MORE PRODUCTION FOR DEVELOPERS IN 2012
Written on the 8 November 2011
THE Bligh Government’s $10,000 Building Boost had little to no effect, but developers expect three times more demand for production than current levels.
Figures from the latest Prodap Report show most respondents, from more than 150 active land and housing developers operating within the Coast’s local government area, expect to complete more than 100 lots in the next 12 months.
Master Builders Queensland (MBQ) housing policy director Paul Bidwell agrees that developers think conditions will improve.
“The MBQ snapshot of industry conditions for the September quarter shows the Gold Coast residential property market is still in a very grim state,” says Bidwell.
“Our view is it will improve across the state because the fundamentals are quite positive, but they don’t expect to reach satisfactory levels by the end of the year.”
Research from Prodap shows aggregate sales of residential land and housing developments rose by 4 per cent during the September quarter of 2011. Although only two projects sold more than eight lots per month, 12 projects are expected to record sales at the same rate next year.
However, the higher production levels do not take into consideration the flow-on effects of the Gold Coast being successful in its bid to host the 2012 Commonwealth Games.
Economists predict the Reserve Bank of Australia will cut the base interest rate by 0.75 per cent in the new year.
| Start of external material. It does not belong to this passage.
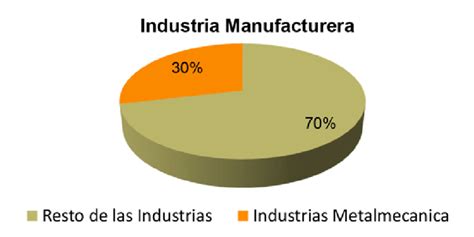 industria metalmecánica en colombia 2021|ANÁLISIS DE LA COMPETITIVIDAD EN EL SECTOR .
This could see comparison mortgage rates dip below 6 per cent per annum by the end of 2012.
Report author Bill Morris says the development industry will benefit from a fall in interest rates.
“House mortgages are difficult to qualify for at inflated prices and high interest rates,” says Morris.
“The Reserve Bank has been out of touch with the property market for some time, and no amount of token rebates from governments can overcome that.”
Bidwell blames the Gold Coast City Council’s planning approval process and infrastructure charges for being the biggest constraint to growth in the city’s property market.
“We have a planning system that has a long way to go before it’s efficiently responsive to market requirements,” he says.
“The process needs to be changed so that it balances competing interests and finishes in a timely way to give builders certainty.”